In comparing these two situations, of course, the owner would be drawing a wage and some benefits out of the company cash flow. We can safely assume here that with $200,000 stuffed into a bank account, the owner would still be working. We are only talking about the return on cash invested.

Table 1: Where Is Your Money Better Employed?

In fact this comparison can be used to decide the value of a business being sold or bought. Essentially, if you would earn more money just by having the cash in the bank and earning interest on it than you would by investing the same sum in the business, why would you invest in the business?

Bids on jobs are planned to leave no money on the table
Lots of companies bid on many jobs but plan for a predetermined profit, leaving no money on the table.
What this means is that the company plans to lose some bids deliberately and uses the ratio of bid-to-job to test prices every day. If prices are too high, then the ratio of lost bids climbs.
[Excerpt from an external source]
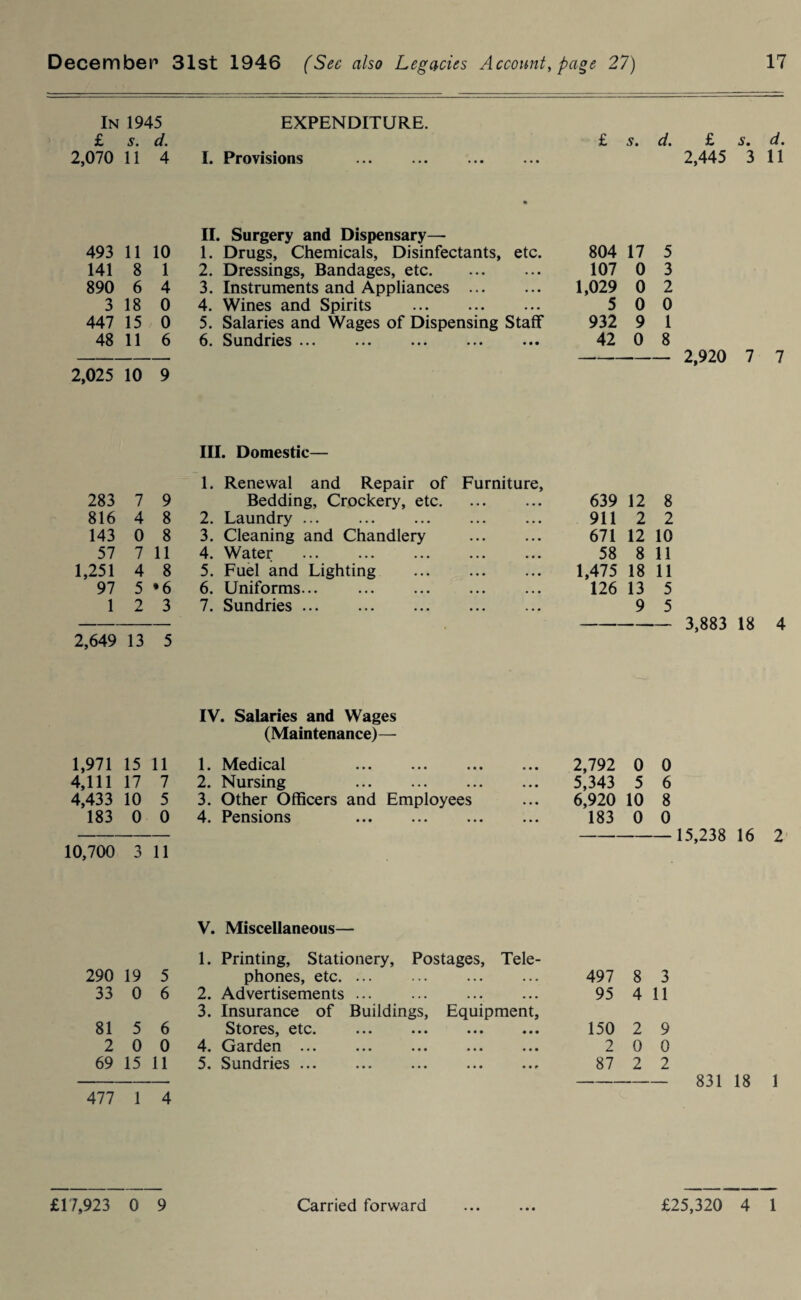 In 1945 EXPENDITURE. £ s. d. £ s. d. £ s. d. 2,070 11 4 I. Provisions 2,445 3 11 • II. Surgery and Dispensary— 493 11 10 1. Drugs, Chemicals, Disinfectants, etc. 804 17 5 141 8 1 2. Dressings, Bandages, etc. 107 0 3 890 6 4 3. Instruments and Appliances . 1,029 0 2 3 18 0 4. Wines and Spirits . 5 0 0 447 15 0 5. Salaries and Wages of Dispensing Staff* 932 9 1 48 11 6 6. Sundries. 42 0 8 2,920 7 7 2,025 10 9 III. Domestic— 1. Renewal and Repair of Furniture, 283 7 9 Bedding, Crockery, etc. 639 12 8 816 4 8 2. Laundry ... 911 2 2 143 0 8 3. Cleaning and Chandlery 671 12 10 57 7 11 4. Water . 58 8 11 1,251 4 8 5. Fuel and Lighting . 1,475 18 11 97 5 *6 6. Uniforms... . 126 13 5 1 2 3 7. Sundries. ... 9 5 2,649 13 5 - 3,883 18 4 IV. Salaries and Wages (Maintenance)— 1,971 15 11 4,111 17 7 4,433 10 5 183 0 0 1. Medical . 2. Nursing 3. Other Officers and Employees 4. Pensions . 10,700 3 11 2,792 0 0 5,343 5 6 6,920 10 8 183 0 0 15,238 16 2 V. Miscellaneous— 1. Printing, Stationery, Postages, Tele- 290 19 5 phones, etc. • . • . . . • • • ... 497 8 3 33 0 6 2. Advertisements • • • . . . • • • • • • 95 4 11 81 5 6 3. Insurance of Stores, etc. Buildings, • • • • • • Equipment, • • • • • • 150 2 9 2 0 0 4. Garden ... • • • • • • • • • • • • 2 0 0 69 15 11 5. Sundries ... ... • • • • • • • • e 87 2 2 477 1 4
If the company gets too many jobs, then it is time to raise prices.
Of course, knowing what the costs are in this scenario is critically important. If prices are generally sliding, then being able to cut costs quickly is important. So too is having flexible communications with the sales team so that cost-added features can be trimmed to bring prices into alignment.
If the company gets 100 percent of its bids, the price is likely too low and money is being left on the table. The services of the company are being sold as a commodity because the sales process has not found a way to find value and to make the company different from the competition. If you and the competition are identical then the only thing left to differentiate you is price.

How Do You Know That Your Pricing Is Not Right?

The Hamster Cage Syndrome
A company in the United States fabricated large metal tanks for several major industrial manufacturers. With two of its three major customers, it made a profit on the tanks. On the third contract, the largest of the three customers, the company lost money. The result was the company struggled to pay its bills but looked “sexy” because it had large revenue volumes. When a company is really busy but the dollars just flow through the bank account leaving nothing at the end of the year, the prices may be too low. Here the owner of the business runs and runs all day on the “wheel” like a hamster and goes nowhere.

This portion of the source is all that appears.